◆ PROVIDED MATERIAL ◆
__________

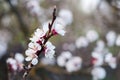 Branch of apricot tree with white flowers Royalty Free Stock Photo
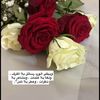 user354141310440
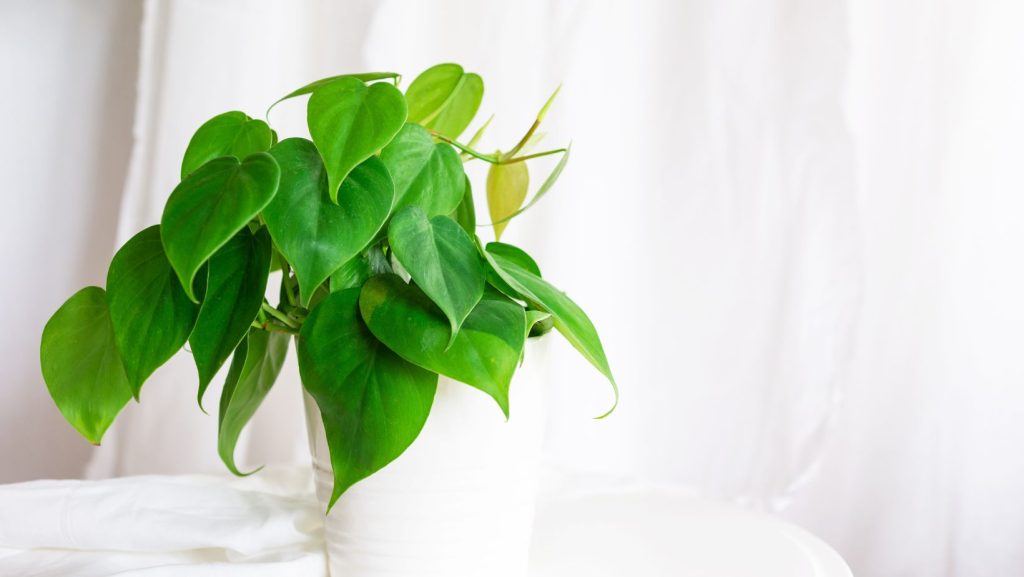 Philodendron at Home Office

__________

◆ EXERCISE ◆
Set down the material once more, exactly, with the pictures omitted.

◆ ANSWER BOX ◆
 Branch of apricot tree with white flowers Royalty Free Stock Photo
 user354141310440
 Philodendron at Home Office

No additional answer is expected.